Salisbury DUI Myths
Despite how common DUI charges are in Maryland, there are still a large number of myths and misconceptions commonly associated with this charges. With this in mind, the following are some of the most common myths regarding DUI charges and whether they are true or false. To learn more or discuss your case, call a Salisbury DUI lawyer today.
Myth 1: You Should take the Preliminary Breath Test if You’re Sure Your BAC Is Below .08
This is a myth because it is very difficult for people to know exactly what their breath test result will be. People are so often shocked at what little amount of alcohol it takes to blow a 0.08 and often times people who think that they are sober because they only had, say, 2 glasses of wine, as they do most nights, are surprised when they blow 0.08 or higher. It’s important to note that the results of the preliminary breath tester device would never be admissible in court. However, the Salisbury police will factor that breath test result into his decision as to whether or not he or she will arrest the individual.
My advice is to refuse all tests and not give the state any opportunity to potentially have incriminating evidence against them.
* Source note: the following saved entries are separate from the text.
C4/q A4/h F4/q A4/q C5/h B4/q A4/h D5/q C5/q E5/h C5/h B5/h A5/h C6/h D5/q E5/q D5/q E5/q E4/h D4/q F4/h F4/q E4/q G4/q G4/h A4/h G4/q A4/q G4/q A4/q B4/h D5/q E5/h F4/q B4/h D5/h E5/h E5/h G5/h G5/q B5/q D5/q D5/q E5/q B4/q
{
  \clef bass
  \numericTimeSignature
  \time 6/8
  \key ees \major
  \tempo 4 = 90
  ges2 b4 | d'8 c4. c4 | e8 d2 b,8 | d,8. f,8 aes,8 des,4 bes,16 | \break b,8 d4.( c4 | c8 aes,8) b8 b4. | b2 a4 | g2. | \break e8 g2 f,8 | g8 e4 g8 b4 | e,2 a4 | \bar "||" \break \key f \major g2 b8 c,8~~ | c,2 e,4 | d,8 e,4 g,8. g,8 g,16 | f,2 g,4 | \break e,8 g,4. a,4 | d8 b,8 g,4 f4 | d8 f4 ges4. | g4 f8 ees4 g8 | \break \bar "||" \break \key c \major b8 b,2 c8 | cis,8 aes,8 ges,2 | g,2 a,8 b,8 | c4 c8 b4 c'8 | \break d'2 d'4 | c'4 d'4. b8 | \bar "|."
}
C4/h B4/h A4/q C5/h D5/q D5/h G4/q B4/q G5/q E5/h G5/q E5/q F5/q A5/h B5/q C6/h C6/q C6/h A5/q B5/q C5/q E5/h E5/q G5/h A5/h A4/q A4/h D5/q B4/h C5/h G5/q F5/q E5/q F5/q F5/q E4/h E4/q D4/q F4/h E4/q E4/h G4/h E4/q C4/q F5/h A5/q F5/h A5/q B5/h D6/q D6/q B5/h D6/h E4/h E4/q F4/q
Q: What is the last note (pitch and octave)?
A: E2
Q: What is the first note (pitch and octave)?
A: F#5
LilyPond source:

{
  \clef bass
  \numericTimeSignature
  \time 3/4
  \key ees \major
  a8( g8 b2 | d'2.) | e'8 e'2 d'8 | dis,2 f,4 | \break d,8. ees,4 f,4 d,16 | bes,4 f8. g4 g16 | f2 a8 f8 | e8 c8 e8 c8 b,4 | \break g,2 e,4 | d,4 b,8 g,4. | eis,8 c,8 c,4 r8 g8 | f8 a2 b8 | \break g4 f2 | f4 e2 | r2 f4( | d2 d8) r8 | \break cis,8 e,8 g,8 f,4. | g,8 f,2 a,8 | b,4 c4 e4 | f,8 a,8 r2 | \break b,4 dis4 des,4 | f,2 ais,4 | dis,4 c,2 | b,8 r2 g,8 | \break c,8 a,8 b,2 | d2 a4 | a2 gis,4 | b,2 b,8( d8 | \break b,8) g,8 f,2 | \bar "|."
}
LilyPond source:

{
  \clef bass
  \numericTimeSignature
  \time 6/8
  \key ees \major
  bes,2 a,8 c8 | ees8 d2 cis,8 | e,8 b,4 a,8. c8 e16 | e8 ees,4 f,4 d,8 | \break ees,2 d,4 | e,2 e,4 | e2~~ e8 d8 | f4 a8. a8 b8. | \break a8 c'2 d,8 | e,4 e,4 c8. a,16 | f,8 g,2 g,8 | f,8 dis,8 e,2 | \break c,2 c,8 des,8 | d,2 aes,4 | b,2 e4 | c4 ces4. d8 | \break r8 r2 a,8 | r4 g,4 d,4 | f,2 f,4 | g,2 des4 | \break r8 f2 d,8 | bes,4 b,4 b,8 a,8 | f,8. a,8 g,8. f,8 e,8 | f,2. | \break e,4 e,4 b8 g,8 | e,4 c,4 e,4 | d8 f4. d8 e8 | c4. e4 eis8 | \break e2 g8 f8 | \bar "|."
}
Myth 2: Breathalyzers Are Reliable and Consistent
This is true in a situation where all factors are ideal. If the Breathalyzer machine is in proper working order and has been regularly maintained, then it can be very reliable. However, there is no guarantee that the Breathalyzer machines in Salisbury are being properly maintained. There have been many examples in several states, including the District of Columbia, where the Breathalyzer machines were not being regularly maintained and the results were therefore false and inaccurate.
Aside from the machine itself, the person providing the breath sample could be a factor that impacts whether or not the breath test result is accurate. For example, if the breath sample is contaminated by alcohol that was residual mouth alcohol and not a reading pulled from the deep lung air, but instead is air that has been contaminated with residual alcohol in the person’s mouth, then the result might be inaccurate.
Another example is if an individual wears poorly fitted dentures. Sometimes alcohol will actually be located in some of those places where the dentures do not properly fit. If an individual has burped or has regurgitated any of the contents of their stomach and that air is used in the breath sample, it could give an inaccurately high reading. When all conditions are ideal, with both the Breathalyzer machine and the person providing the breath sample, the result should be accurate. However, if there are any deficiencies with the machine or if there are any deficiencies with the breath sample itself, then the results could be inaccurate.
Myth 3: Officer Cannot Justify a DUI Arrest Unless You Are Drunk
This is a myth. It’s important to remember that in order for somebody to be placed under arrest, a Salisbury police officer has to have probable cause that the person is driving drunk. Probable cause is a very low evidentiary standard. It is nowhere near the same evidentiary standard as required in a trial, which is proof beyond reasonable doubt. Probable cause simply means that it’s more likely than not that a person is driving drunk (even if they aren’t).
Considering that it’s such a low evidentiary standard, an officer can justify making an arrest based on just a few observations. The officer may only observe a very basic traffic violation. For example, if a driver fails to signal before making a turn, the officer could suggest a few factors that contributed to the driver’s coordination or lack thereof. Based on these facts alone and possibly results of the field test, the officer can place a driver under arrest. It’s important for people to understand this before driving, because the arrest itself can be damaging to a person’s career or their family.
Myth 4: It’s Hard For An Officer To Tell if I’m Only Buzzed
This is not true for a couple different reasons. First, someone who has been consuming alcohol is going to be a bad judge of whether or not they are slightly buzzed. Many of people have experienced or seen friends who had no idea how intoxicated they were and how they were appearing to outsiders; they were under the impression that they were acting very normally and appeared to be sober and yet everybody else could, very obviously, tell they were intoxicated.
It’s important to remember that officers in Salisbury receive a great deal of training in what they should be looking for and what observations they should be making to justify an arrest. The officer will be looking at conduct from the minute that they make contact with the driver. They are going to be looking at the driver’s appearance, they are going to be listening to the driver’s speech, and they are going to be watching as the driver attempts to locate their driver’s license and their registration card. In all of those different scenarios, the officer could find probable cause to arrest a person for a DUI.
An individual who thinks that they are just slightly buzzed is in great jeopardy if they drive because the officer is going to be looking to articulate all kinds of different ways to suggest that that person’s coordination has been impacted.
Myth 5: You Can’t Be Charged With a DUI in Your Own Driveway
This is another myth. Most likely, an officer, at some point, was observing a person driving before the person realized and pulled into their own driveway. If the officer observes any driving on roadways or the street leading up to the person’s garage or their driveway, then that evidence can be used against them, even if their contact with the police officer occurs in their driveway. Depending on what the person’s driveway or roadway looks like, even if they were just driving on their own private property, they could face a DUI.